The European council of EU leaders “supports the development of the concept of regional disembarkation platforms”, according to the draft conclusions of an EU summit due to take place next week.

The EU wants to look at the feasibility of setting up such centres in north Africa, where most migrant journeys to Europe begin. “Such platforms should provide for rapid processing to distinguish between economic migrants and those in need of international protection, and reduce the incentive to embark on perilous journeys,” says the document seen by the Guardian.

Although the plan is winning influential support, it faces political and practical hurdles, with one expert saying it is not clear how the EU would get foreign countries to agree to be “vassal states”.

Migration is high on the agenda of the two-day summit, which opens on 28 June. EU leaders will attempt to reach a consensus on how to manage the thousands of refugees and migrants arriving each month.

The German and French leaders, Angela Merkel and Emmanuel Macron, met near Berlin on Tuesday to agree on a common approach, amid fears in their camps that the European project is unravelling.

Before the meeting France’s finance minister, Bruno Le Maire, said Europe was “in a process of disintegration. We see states that are turning inward, trying to find national solutions to problems that require European solutions.”

He called for “a new European project” on immigration, as well as economic and financial issues, “to consolidate Europe in a world where you have the United States on one side, China on the other and we are trapped in the middle”.

At the end of the meeting, which was dominated by eurozone reform, Macron said the EU would “work with countries of origin and transit” to cut off illegal people-smuggling routes, and build “solidarity mechanisms, both externally and internally”. The EU border and coastguard agency Frontex would be expanded to become “a true European border police”.

Merkel is under pressure from her hardline interior minister, Horst Seehofer, to come up with a European plan by the end of the month. Germany continues to receive more applications for asylum than any other EU member state. Seehofer wants German border guards to start turning people away if there is no EU-wide progress.

It was not immediately clear how the EU document’s proposal for “regional disembarkation platforms” would work, or where they might be set up.

Elizabeth Collett, the director of the Migration Policy Institute in Brussels, said it was a “watered-down version” of Austrian-Danish proposals that had called for arrivals in Europe to be sent back to their point of departure to have their claims processed.

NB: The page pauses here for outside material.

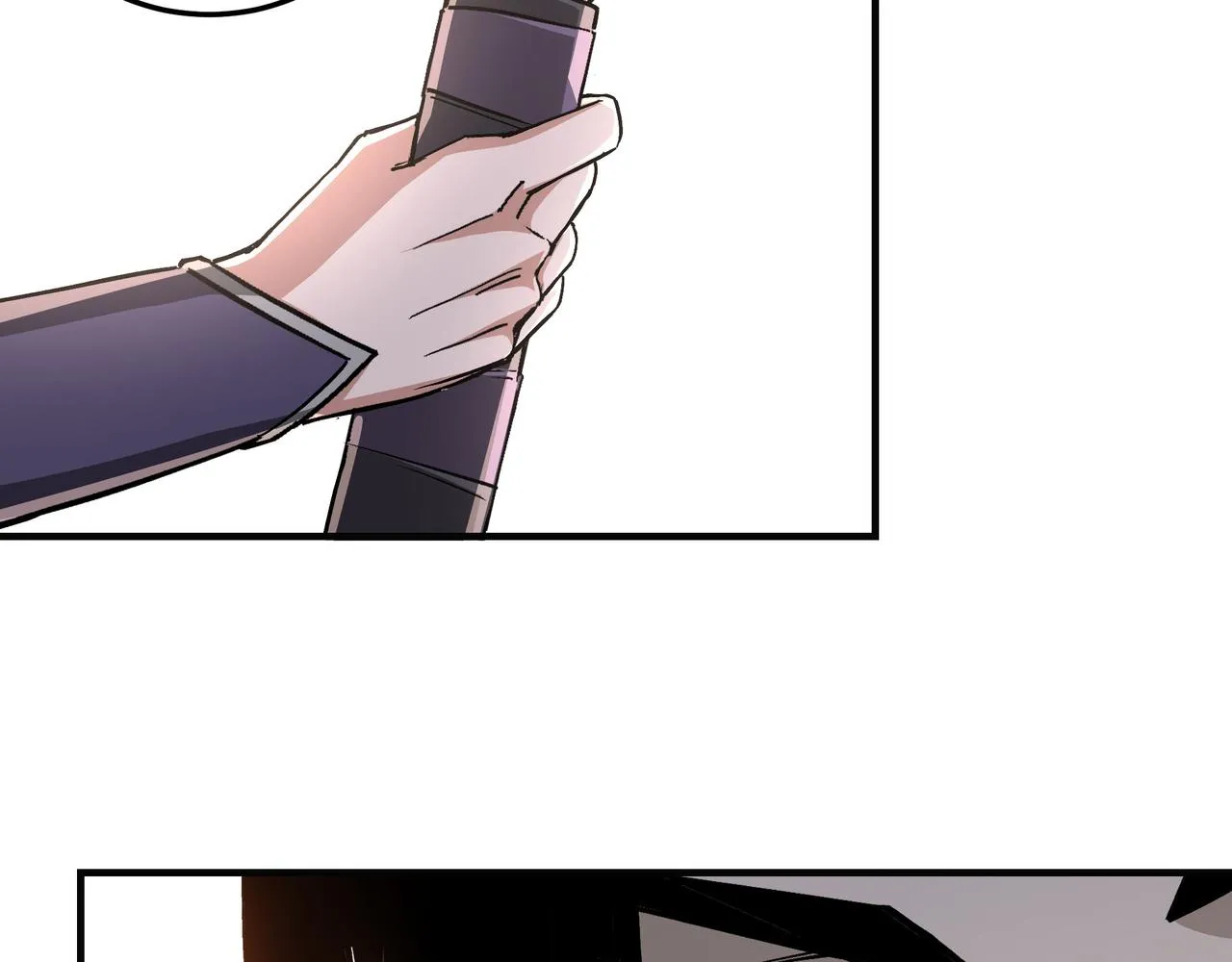 第216话 复仇开始 第29页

“What has clearly changed is the level of political backing for this,” she said.

The plan prompted questions about how it would work and the cost involved, she said. “It looks great on paper, but can you get countries to sign up from outside Europe and basically be vassal states?”

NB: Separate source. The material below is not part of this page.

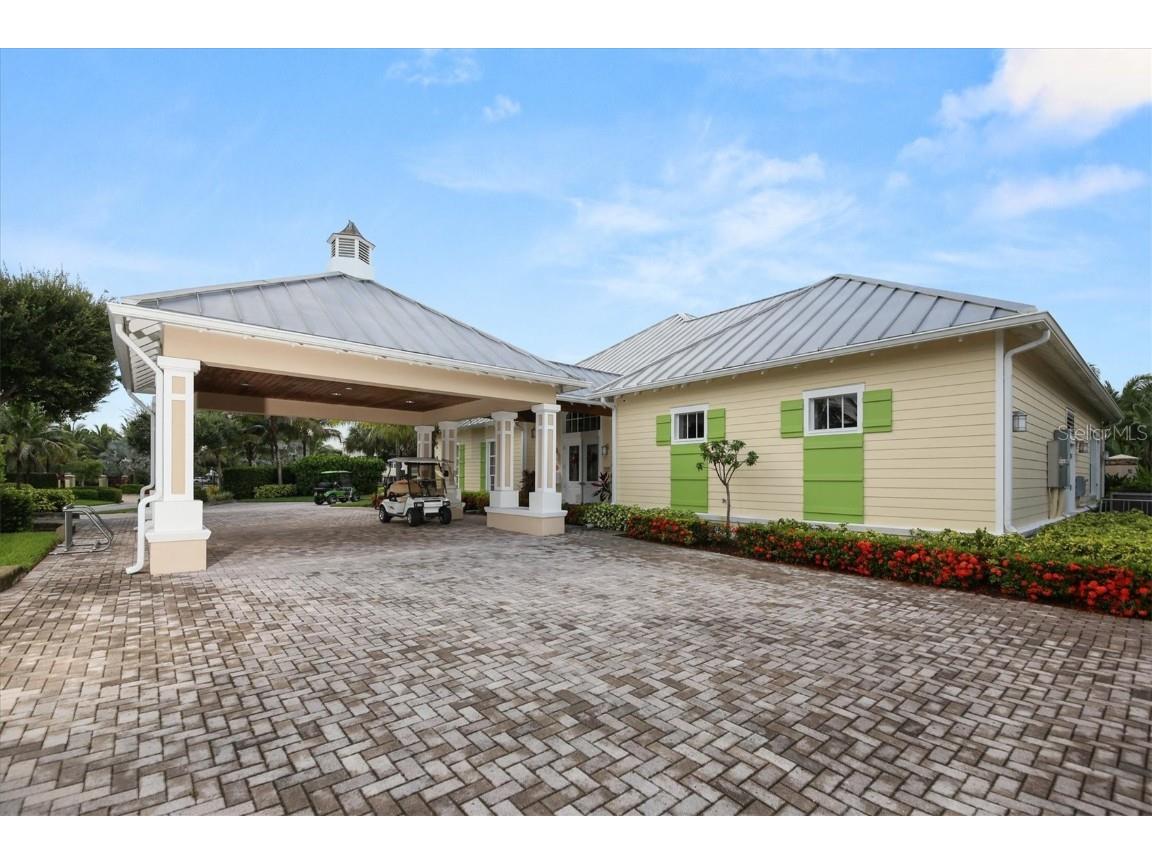 10425 Pilothouse Circle #131 Placida FL 33946 D6135120 image67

The other big problem was ensuring the centres met EU standards, she said. “The conditions, the processing, all of the things that require a high degree of knowledge and are quite hard to manage within the EU, these are big questions.”

The plan, however, appears to be helping unite EU countries that are deeply divided on migration.

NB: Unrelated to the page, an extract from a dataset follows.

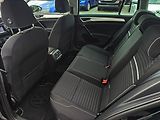 Volkswagen Golf VII 1,4TSi 92KW CUP NAVI - náhled 24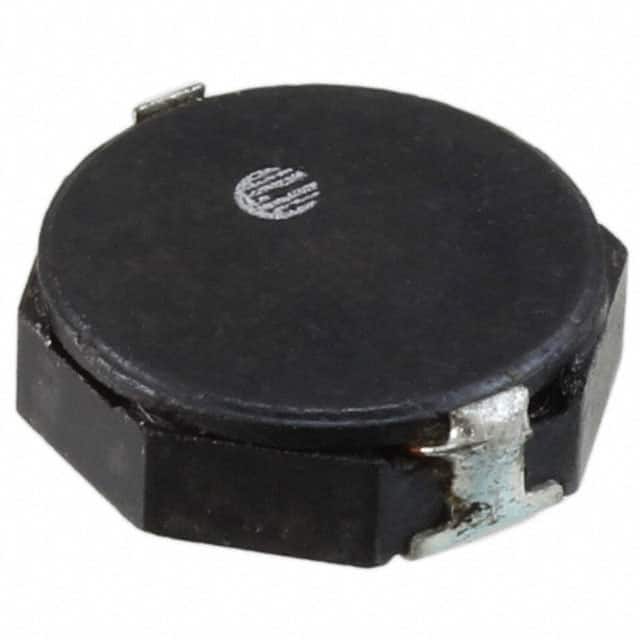 SD8328-330-R Eaton - Electronics Division product image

Italy and France support the idea of asylum centres outside EU territory, an idea that helped defuse diplomatic tensions after the two countries clashed when the new populist government in Rome refused to allow the docking of a ship carrying 630 migrants.

Macron, who has previously raised the idea, proposed it when he met the Italian prime minister, Giuseppe Conte, last week.

The EU struck a deal with Turkey in 2016 that drastically reduced migrant flows, but the bloc has found it harder to work with north African governments, especially Libya, from where most sea crossings begin.

The European commission has rejected a Turkey-style deal with Libya because of instability in the country. But Italy’s previous government struck deals with Libyan militia and tribes and helped relaunch the Libyan coastguard. These actions contributed to a sharp reduction in the number of people crossing the central Mediterranean, but critics reported an increase in human rights violations.

According to the draft document, the EU would like to set up the centres in collaboration with the UN refugee agency and the International Organization for Migration, a UN-related body that has previously criticised the paucity of legal routes for African migrants to travel to Europe.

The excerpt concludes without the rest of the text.